= Beginning of Section =

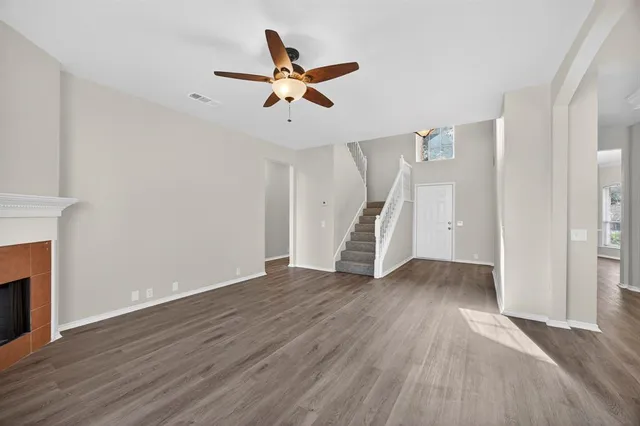a view of empty room with wooden floor and ceiling fan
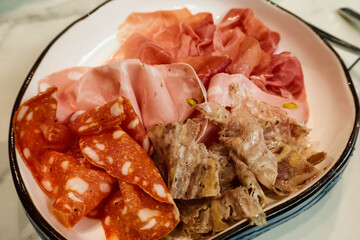 close up of assorted mixed parma,  serrano ham cold cut platter on a plate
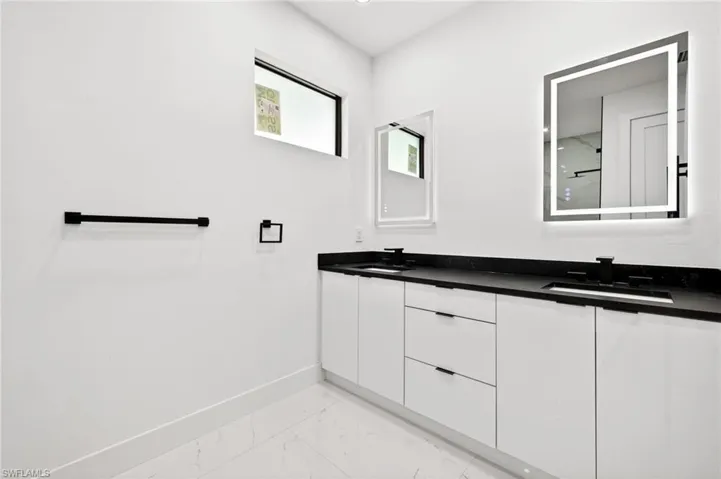 Full bathroom featuring double vanity, light marble finish floors, and a shower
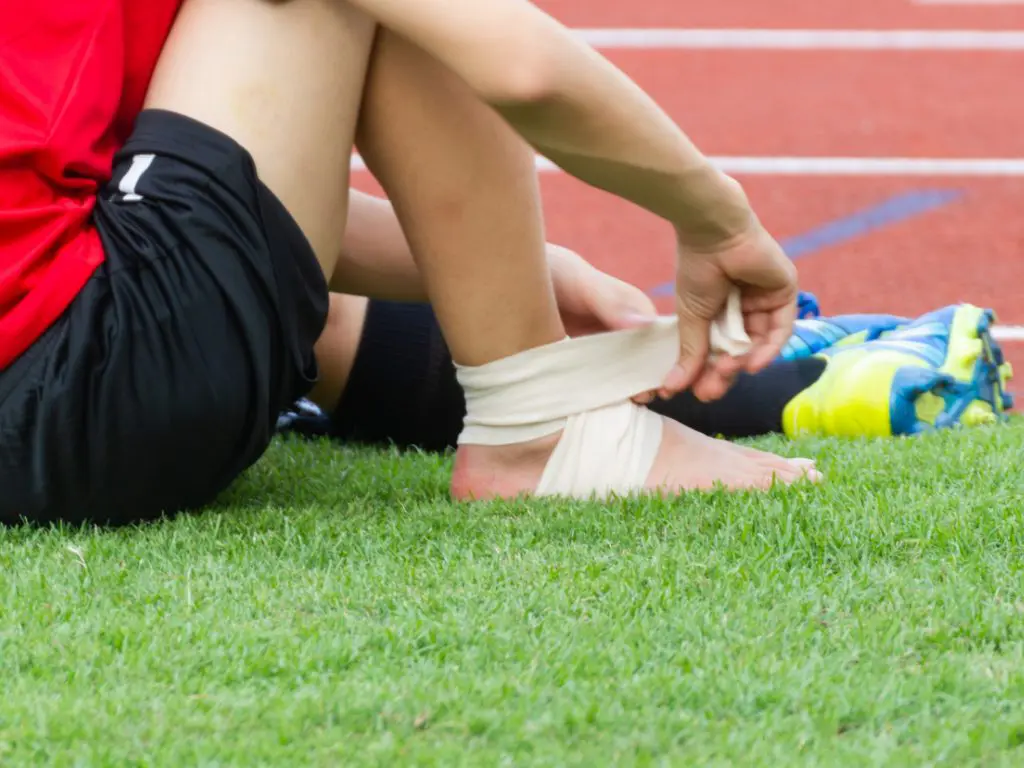 Athlete sitting on the ground before the game starts so he can wrap an ankle support around his ankle.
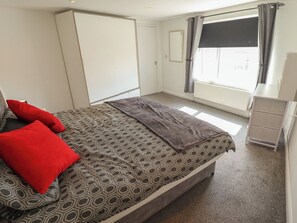 Un dormitorio con cama, armario, radiador y ventana con cortinas.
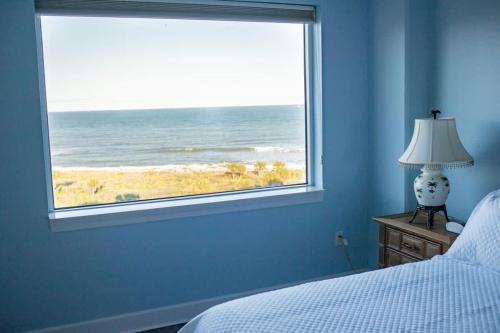 una camera da letto con finestra con vista sull'oceano di 80 Surfview Drive - Unit 604 a Palm Coast
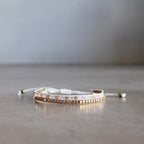 Classic art deco styling, featuring two rows of fine brass and glass beads all hand-knotted using traditional ethnic techniques. Gold & Pink Medley.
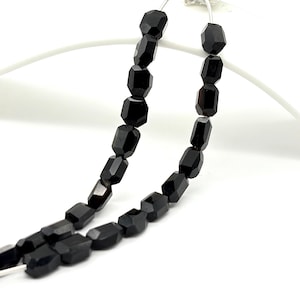 May include: Two strands of black gemstone beads. Each bead is a faceted, rectangular shape, strung together with a thin, silver-coloured wire. The beads have a polished, reflective surface, and are set against a white background.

= End of Section =

Using the data above, output the line that has "Full bathroom featuring", the line that has "Classic art deco", and whatever lines fall between, each exactly as it stands and without pictures.

 Full bathroom featuring double vanity, light marble finish floors, and a shower
 Athlete sitting on the ground before the game starts so he can wrap an ankle support around his ankle.
 Un dormitorio con cama, armario, radiador y ventana con cortinas.
 una camera da letto con finestra con vista sull'oceano di 80 Surfview Drive - Unit 604 a Palm Coast
 Classic art deco styling, featuring two rows of fine brass and glass beads all hand-knotted using traditional ethnic techniques. Gold & Pink Medley.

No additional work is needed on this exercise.